I love when plans work out for a spontaneous adventure. My friend was already coming to town, so I just offered her the “choose your own adventure” option for her visit. Try the luge, cross country skiing or attend an ice sculpture festival. I was sooo excited that she wanted to try the luge too. The weekend we went was the first time the track had been open all winter due to lack of snow. This was a Christmas gift I’ve been impatiently waiting to use.
I had tried the wheeled luge track with my kids this past summer and I knew I wanted to come back to try the winter one.
It looked scarier and went faster.
The winter track reaches speeds up to 30mph where the summer track reaches speeds up to 23mph. This also gave me a bit of an advantage because I knew a little bit of what to expect which took the edge of my fears.
We arrived at the park a day after a pretty big snowfall.
The roads were less dicey and the trees were beautiful with their branches weighed down from heavy snow. We were still cutting it close time wise when we arrived. We immediately signed away our life, showed that we had proof of insurance and were on our way to join the clinic.
Our clinic was filled with a troop of boy scouts who had camped all weekend. Kudos to them but NO THANKS!
Our instructors showed us how to ride the sled and how to stop.

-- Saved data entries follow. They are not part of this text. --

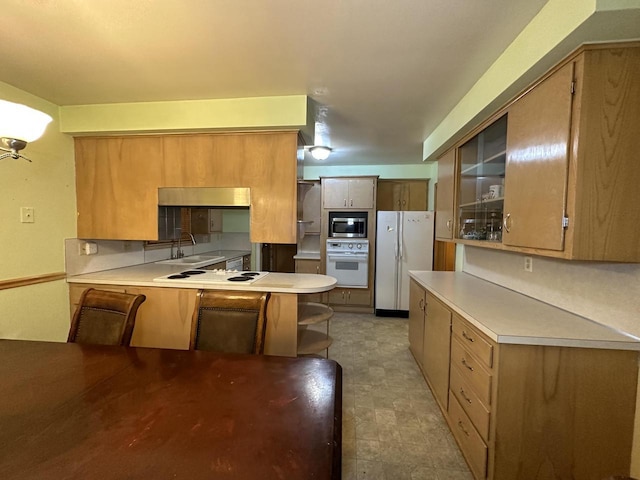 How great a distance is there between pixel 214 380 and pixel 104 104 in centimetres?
250

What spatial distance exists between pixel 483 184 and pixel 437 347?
1.32m

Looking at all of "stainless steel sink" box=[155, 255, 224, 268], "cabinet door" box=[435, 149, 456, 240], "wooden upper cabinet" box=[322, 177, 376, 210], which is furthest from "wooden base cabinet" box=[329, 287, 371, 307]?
"stainless steel sink" box=[155, 255, 224, 268]

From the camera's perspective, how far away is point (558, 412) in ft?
4.23

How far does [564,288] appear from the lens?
65.6 inches

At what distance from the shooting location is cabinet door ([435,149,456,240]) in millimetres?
2623

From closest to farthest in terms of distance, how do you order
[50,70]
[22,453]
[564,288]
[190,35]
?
[22,453], [190,35], [564,288], [50,70]

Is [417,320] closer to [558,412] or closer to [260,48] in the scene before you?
[558,412]

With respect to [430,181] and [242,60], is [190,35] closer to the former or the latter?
[242,60]

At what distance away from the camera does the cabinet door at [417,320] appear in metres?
2.60

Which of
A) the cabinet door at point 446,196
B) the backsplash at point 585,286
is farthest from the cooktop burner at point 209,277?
the backsplash at point 585,286

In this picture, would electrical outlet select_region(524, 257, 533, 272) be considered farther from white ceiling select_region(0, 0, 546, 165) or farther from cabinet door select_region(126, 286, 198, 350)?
cabinet door select_region(126, 286, 198, 350)

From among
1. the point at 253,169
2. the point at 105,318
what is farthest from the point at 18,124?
the point at 253,169

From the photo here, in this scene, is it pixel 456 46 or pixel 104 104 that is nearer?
pixel 456 46

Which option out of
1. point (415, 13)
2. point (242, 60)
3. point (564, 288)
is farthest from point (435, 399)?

The two most important things you need to know. NEVER take your arms off of the handles by your legs and where your heads looks is the direction you are going to go. Kind of like rolling out of bed. You look the direction you want to go and push off on the opposite leg. You keep your head back the whole time and don’t squeeze both of your feet because that causes you to swerve.
We got our helmets, elbow pads and picked out a sled. We choose the beginner one for our 1st few times down. This past summer I learned that the elbow pads are essential because in all likely hood you will hit the wall a few times.
The most challenging part of the clinic is carrying your sled up the stairs.
The sleds are HEAVY and I felt pathetically winded every time we went back up. We did get some male workers who came to our rescue and carried them up a few times. A perk of being a female.
The top of the stairs has an observation bridge where you can watch people come out the shoot and visually follow them down for the 1st half of the track.
The track that is open to the public is lower than the one that the pros use. They still have to climb more stairs and they reach way higher speeds in the 50’s.
Even though I had done a fairly similar experience earlier this year I was getting a little more nervous as I got closer to my turn. All I needed was a few seconds of courage and I would be good to go. Once you are sliding down there is nothing you can do about it and it will be over soon enough. That logic has gotten me through many scary/ extreme adventures.
We were closer to the back of the line and saw the kids before us return. Which is always a good sign. I hopped on my sled, made sure I had the positioning right and I was on my way.
It is the most unnatural feeling to be sliding down a hill, knowing that you can hit the walls but cannot not push back off of them. I hit the curves fast and did bang the sides a few times. I was so grateful for those elbow pads. I had forgotten about not squeezing both of my feet because it causes you to swerve.
As I went down the steepest part of the track with a few more bangs and then followed the final curve into the crash pad. You just put your feet on the ground and sit up or you can lean back and form a bridge like formation if you can’t sit up all the way. I never seemed to master the cool way to stop which is how the Olympians do it. They grab the bars where your feet are and pull up. It just never felt natural and I kept on forgetting to pull those instead of my handles in those final seconds.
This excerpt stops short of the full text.